WHO concerns about human bird flu concentration in Indonesia

The U.N. health agency on Wednesday described the deaths of six Indonesian family members from bird flu as the most important development in the spread of the virus since 2003, saying it was concerned about the size of the cluster and confusion over its source. "We have a team down there, they are examining what is going on and they can't find an animal source of this infection," said Peter Cordingley, spokesman for the Western Pacific region of the World Health Organization.

"This is the first time that we've been completely stumped" by a source for the infection, he said. Six of the seven people in an extended family in northern Sumatra who caught the disease have died, the most recent on Monday, in one of the largest human clusters of H5N1 ever reported. WHO is investigating whether bird flu was passed from person to person, but said Wednesday there was no evidence the virus had mutated to a form that was spreading more easily between humans, a scenario that could spark a global pandemic killing millions. There also was no indication it had infected anyone outside the family.

"No matter what's going on at this stage, it's a limited transmission between members of the same family," Cordingley said from Manila , describing the Sumatra case as the most important development since the H5N1 virus started ravaging poultry stocks across Asia three years ago. Isolated cases of the virus jumping from one human to another have been documented including one in Thailand involving a mother and child but such cases do not mean a pandemic flu strain has emerged.

"What we are looking out for is any sign of this virus going outside of this family cluster into the general community, that would be very worrying," Cordingley said. "We haven't seen any signs of that yet." Bird flu has killed 124 people worldwide, more than a quarter of them in Indonesia , which has come under fire in recent months for doing too little to slow the spread of the disease. Most human cases have been traced to contact with infected poultry.

Steven Bjorge, the WHO team leader in the village of Kubu Sembelang , said the virus that infected the family members was genetically the same as the one found circulating in the area earlier. Test are still being carried out on poultry in the village.

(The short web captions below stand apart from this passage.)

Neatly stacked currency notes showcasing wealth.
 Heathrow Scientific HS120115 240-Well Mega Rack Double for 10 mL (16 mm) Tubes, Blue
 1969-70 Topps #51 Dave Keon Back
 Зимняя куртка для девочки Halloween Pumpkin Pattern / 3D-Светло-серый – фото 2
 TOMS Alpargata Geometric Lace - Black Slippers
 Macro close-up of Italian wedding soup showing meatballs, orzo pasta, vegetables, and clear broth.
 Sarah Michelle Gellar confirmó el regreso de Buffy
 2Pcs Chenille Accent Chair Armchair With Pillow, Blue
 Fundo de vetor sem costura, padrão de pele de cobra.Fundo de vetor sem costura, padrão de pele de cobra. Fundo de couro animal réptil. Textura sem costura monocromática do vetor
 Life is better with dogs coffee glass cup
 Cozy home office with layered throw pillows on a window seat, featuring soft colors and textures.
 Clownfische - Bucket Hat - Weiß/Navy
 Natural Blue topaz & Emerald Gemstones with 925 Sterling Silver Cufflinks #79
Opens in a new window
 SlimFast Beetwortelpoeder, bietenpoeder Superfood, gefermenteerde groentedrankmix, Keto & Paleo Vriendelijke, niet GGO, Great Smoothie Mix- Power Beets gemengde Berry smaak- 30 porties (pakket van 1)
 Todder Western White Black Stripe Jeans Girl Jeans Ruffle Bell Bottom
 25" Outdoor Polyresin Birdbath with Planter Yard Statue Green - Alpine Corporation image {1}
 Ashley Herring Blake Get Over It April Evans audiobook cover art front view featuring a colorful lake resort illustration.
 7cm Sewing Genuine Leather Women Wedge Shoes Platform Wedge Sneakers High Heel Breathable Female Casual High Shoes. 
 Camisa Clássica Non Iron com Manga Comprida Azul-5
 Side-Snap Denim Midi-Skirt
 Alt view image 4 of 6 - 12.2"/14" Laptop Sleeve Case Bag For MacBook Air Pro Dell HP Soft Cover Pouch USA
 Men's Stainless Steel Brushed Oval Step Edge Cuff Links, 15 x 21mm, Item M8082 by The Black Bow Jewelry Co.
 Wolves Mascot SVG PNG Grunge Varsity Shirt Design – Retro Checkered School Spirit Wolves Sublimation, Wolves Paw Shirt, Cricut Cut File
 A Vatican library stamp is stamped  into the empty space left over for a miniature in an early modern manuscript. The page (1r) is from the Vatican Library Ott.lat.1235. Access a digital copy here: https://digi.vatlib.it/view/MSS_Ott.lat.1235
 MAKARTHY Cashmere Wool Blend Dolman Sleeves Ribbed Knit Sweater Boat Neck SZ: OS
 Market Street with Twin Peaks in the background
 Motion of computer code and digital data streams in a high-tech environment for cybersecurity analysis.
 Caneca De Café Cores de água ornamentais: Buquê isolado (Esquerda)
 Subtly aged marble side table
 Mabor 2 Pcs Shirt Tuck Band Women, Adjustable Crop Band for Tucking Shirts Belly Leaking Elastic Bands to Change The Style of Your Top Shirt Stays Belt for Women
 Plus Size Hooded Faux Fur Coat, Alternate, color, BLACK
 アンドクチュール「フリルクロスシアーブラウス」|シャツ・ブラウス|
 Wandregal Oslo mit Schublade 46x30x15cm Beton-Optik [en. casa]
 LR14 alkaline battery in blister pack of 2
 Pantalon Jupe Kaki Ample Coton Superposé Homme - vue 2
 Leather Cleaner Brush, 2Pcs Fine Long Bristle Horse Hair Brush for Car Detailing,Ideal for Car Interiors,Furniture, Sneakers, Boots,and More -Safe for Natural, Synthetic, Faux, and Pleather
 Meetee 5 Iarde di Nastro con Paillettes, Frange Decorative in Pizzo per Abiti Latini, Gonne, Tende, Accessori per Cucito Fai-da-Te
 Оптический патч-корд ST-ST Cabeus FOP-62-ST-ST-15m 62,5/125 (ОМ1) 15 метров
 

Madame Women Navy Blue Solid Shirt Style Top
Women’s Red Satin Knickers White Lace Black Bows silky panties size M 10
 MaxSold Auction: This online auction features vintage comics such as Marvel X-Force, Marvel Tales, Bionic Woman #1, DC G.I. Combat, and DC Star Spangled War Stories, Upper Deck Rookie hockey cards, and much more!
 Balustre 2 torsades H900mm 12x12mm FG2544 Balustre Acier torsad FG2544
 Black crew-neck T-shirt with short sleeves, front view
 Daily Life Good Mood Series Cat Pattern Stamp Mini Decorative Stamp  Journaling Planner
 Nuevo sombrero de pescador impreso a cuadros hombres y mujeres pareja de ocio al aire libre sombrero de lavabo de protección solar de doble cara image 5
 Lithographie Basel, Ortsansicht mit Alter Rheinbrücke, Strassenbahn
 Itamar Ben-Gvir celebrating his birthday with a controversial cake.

Peter Roeder, an animal health expert from the U.N. Food and Agriculture Organization in Rome , said tests so far had been negative for the virus, but antibodies were found in some specimens taken from chickens and ducks.

It's unclear, however, whether they were infected at the time the family members fell ill. They could have been sickened much earlier or developed antibodies after vaccination, he said, adding that no immunization records were available. Dead poultry was also found in an area outside the village, but test results have not yet come back, said Roeder, who has worked closely with Indonesia to strengthen poultry surveillance and response to bird flu outbreaks.

The first Sumatra family member believed to be infected worked as a vegetable vendor in a market where live poultry was sold, Bjorge said, but experts were still trying to determine if that was where she became infected. The woman, who died May 4, was never tested for the H5N1 virus, but WHO considers her part of the family cluster. The woman's 25-year-old brother is the only family member still living after contracting the virus.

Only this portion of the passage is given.